We take the security of your personal data very seriously and implement appropriate technical and organisational measures to protect it against unauthorised access, loss, or disclosure. These measures include, but are not limited to:

• Encryption: All communications with the Fantra website/app are encrypted via industry-standard HTTPS/TLS. Sensitive information (such as passwords and identity verification data in transit to our verification provider) is encrypted both in transit and, where applicable, at rest.

• Secure Storage: Personal data is stored on secure servers managed by reputable providers with strong security practices. We utilise firewalls, intrusion detection systems, and access controls to safeguard data. Any sensitive personal data (for example, verification tokens, or payment references) is stored in an encrypted form or secure environment.

• Access Controls: Access to personal data within our organisation is restricted on a need-to-know basis. Only authorised staff or contractors who require access to perform their duties (such as customer support or compliance personnel) can access user personal data, and they are bound by strict confidentiality obligations.

• Administrative Safeguards: We maintain internal policies and employee training focused on data protection, security procedures, and incident response. Our team members are educated about the importance of privacy and security.

• Third-Party Assessments: We conduct due diligence on our third-party data processors (such as the identity verification provider, hosting services, etc.) to ensure they meet high security standards. We also ensure appropriate data processing agreements are in place.

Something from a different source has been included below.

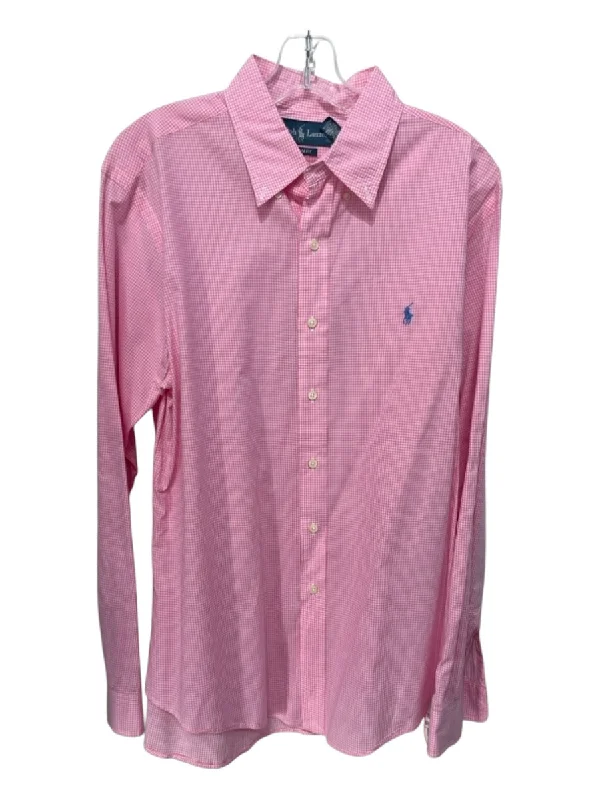 Easy Style Ralph Lauren Size L Pink & White Cotton Gingham Button Down Long Sleeve Shirt Easy Style Ralph Lauren Size L Pink & White Cotton Gingham Button Down Long Sleeve Shirt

• Monitoring and Testing: We monitor our systems for possible vulnerabilities and attacks, and we regularly review and update our security practices. This includes periodic security testing and promptly applying software patches and updates.

• Data Breach Response: Despite best efforts, no system can be 100% secure. In the unlikely event of a data breach affecting your personal data, we will follow applicable laws regarding notification. We have a breach response plan in place, which includes notifying users and relevant authorities (such as the OAIC or EU authorities) when legally required, and taking steps to mitigate any harm.

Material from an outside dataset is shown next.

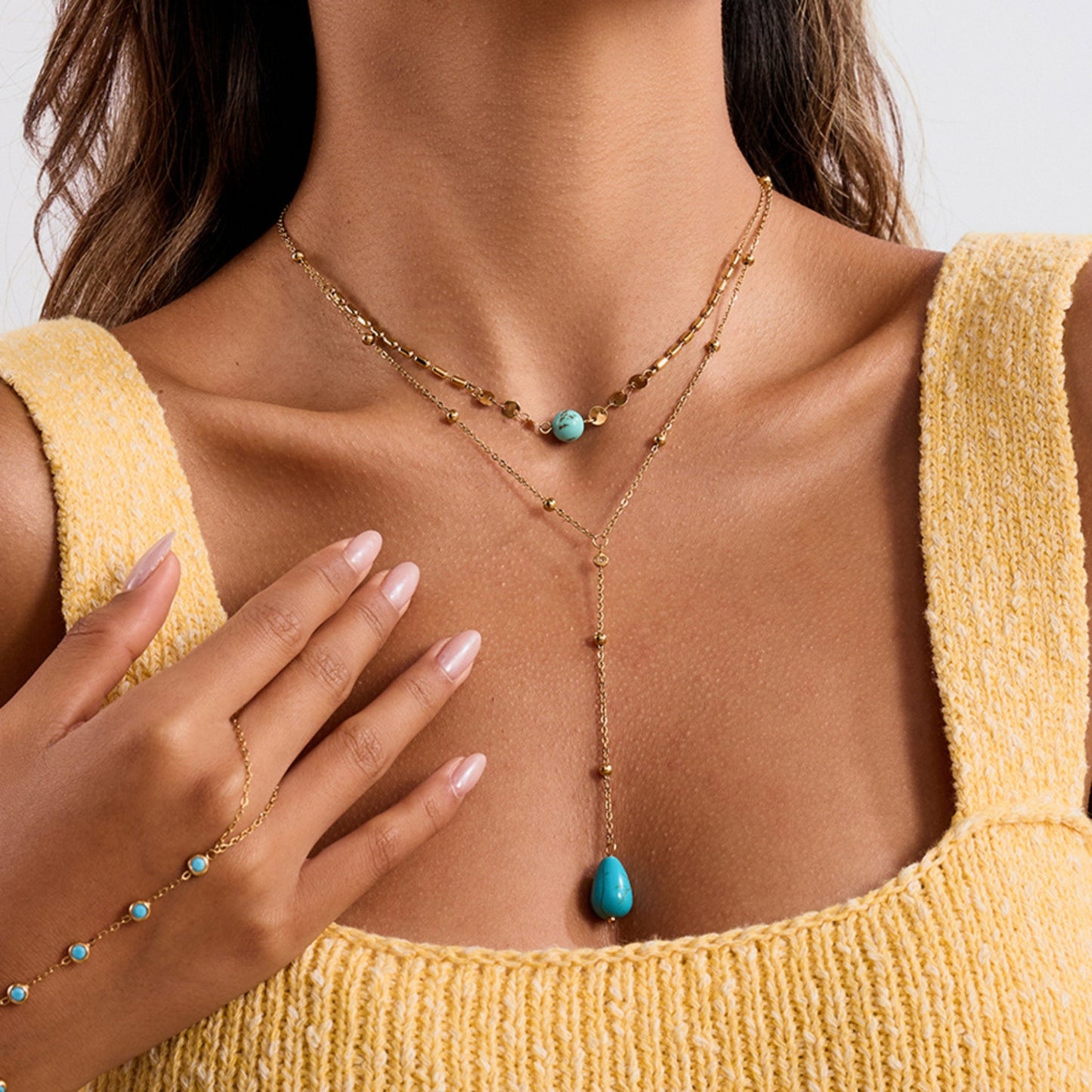 Turquoise Drop Layered Necklace – 18K Gold Stainless Steel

It is important that you also play a role in keeping your information safe. User Responsibility: You are responsible for maintaining the confidentiality of your account login credentials. Do not share your password with others, and use a unique, strong password for Fantra. If you suspect that your account has been compromised (for example, you notice unauthorised activity), please change your password immediately and contact us. We will not be liable for any unauthorised access or actions taken through your account due to your failure to safeguard your credentials.

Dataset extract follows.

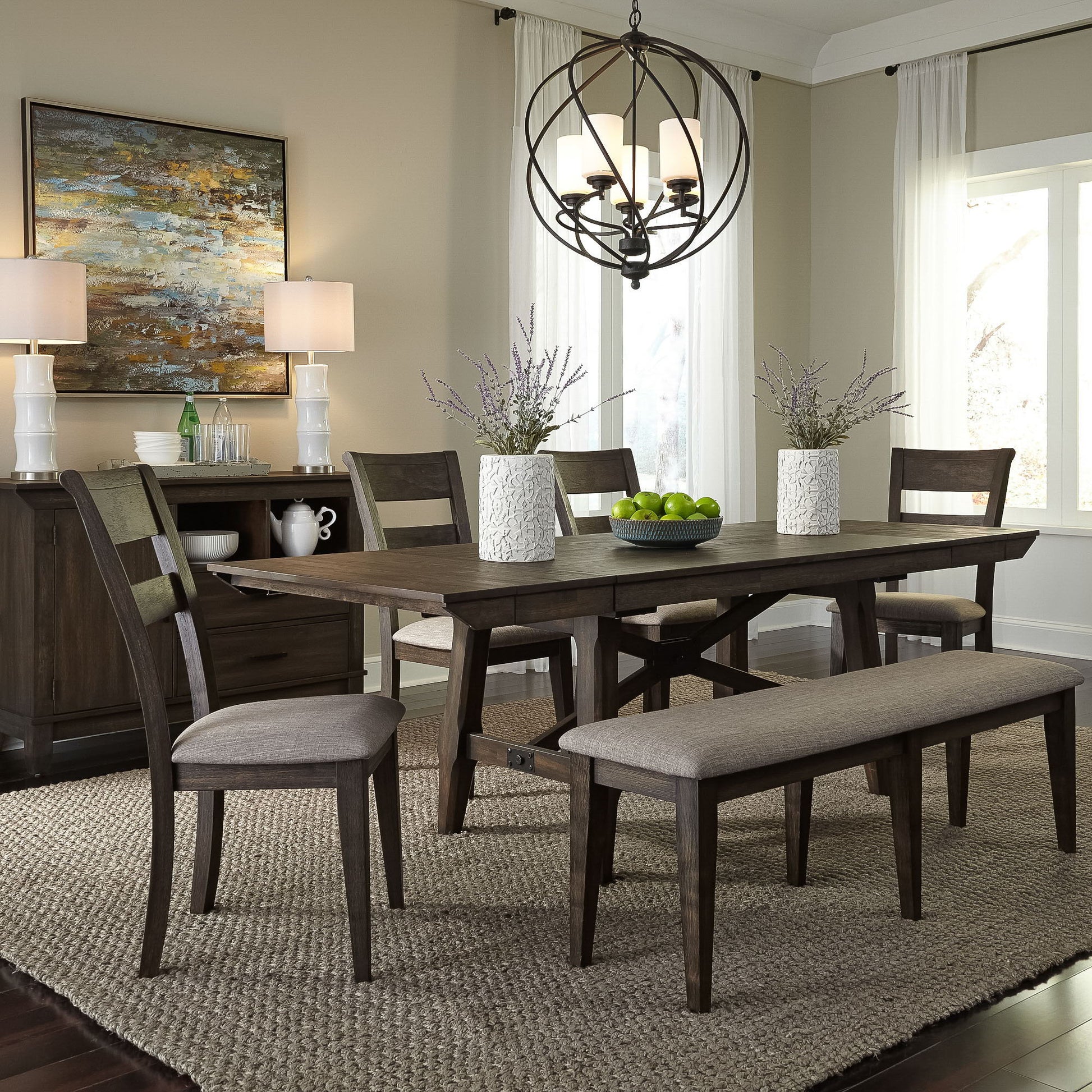 Double Bridge - Trestle Table - Dark Brown - Hornell Furniture Outlet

10. Changes To This Privacy Policy

We may update this Privacy Policy from time to time to reflect changes in our practices, legal requirements, or the features of our service. If we make material changes, we will notify users by email or by prominently posting a notice on our site and indicating the date of the latest revision at the top of the Policy. We encourage you to review this Policy periodically to stay informed about how we are protecting your information. Your continued use of Fantra after any changes to this Policy constitutes your acceptance of the updated terms.

11. Contact Us

If you have any questions, concerns, or requests regarding this Privacy Policy or about how your personal data is handled, please contact us. Our support team and Data Protection Officer (if applicable) are here to help:

• Email: admin@fantra.ai

• Mail: Fantra Pty Ltd, Suite 302, 13/15 Wentworth Ave, Sydney NSW 2000, Australia.

We will address your inquiry as promptly as possible, in accordance with applicable privacy laws. For additional information, you may also refer to our Help Centre or reach out via the live support chat on our platform (if available).

Fantra is committed to protecting your privacy and ensuring that your personal data is handled lawfully and respectfully. Thank you for trusting Fantra with your information.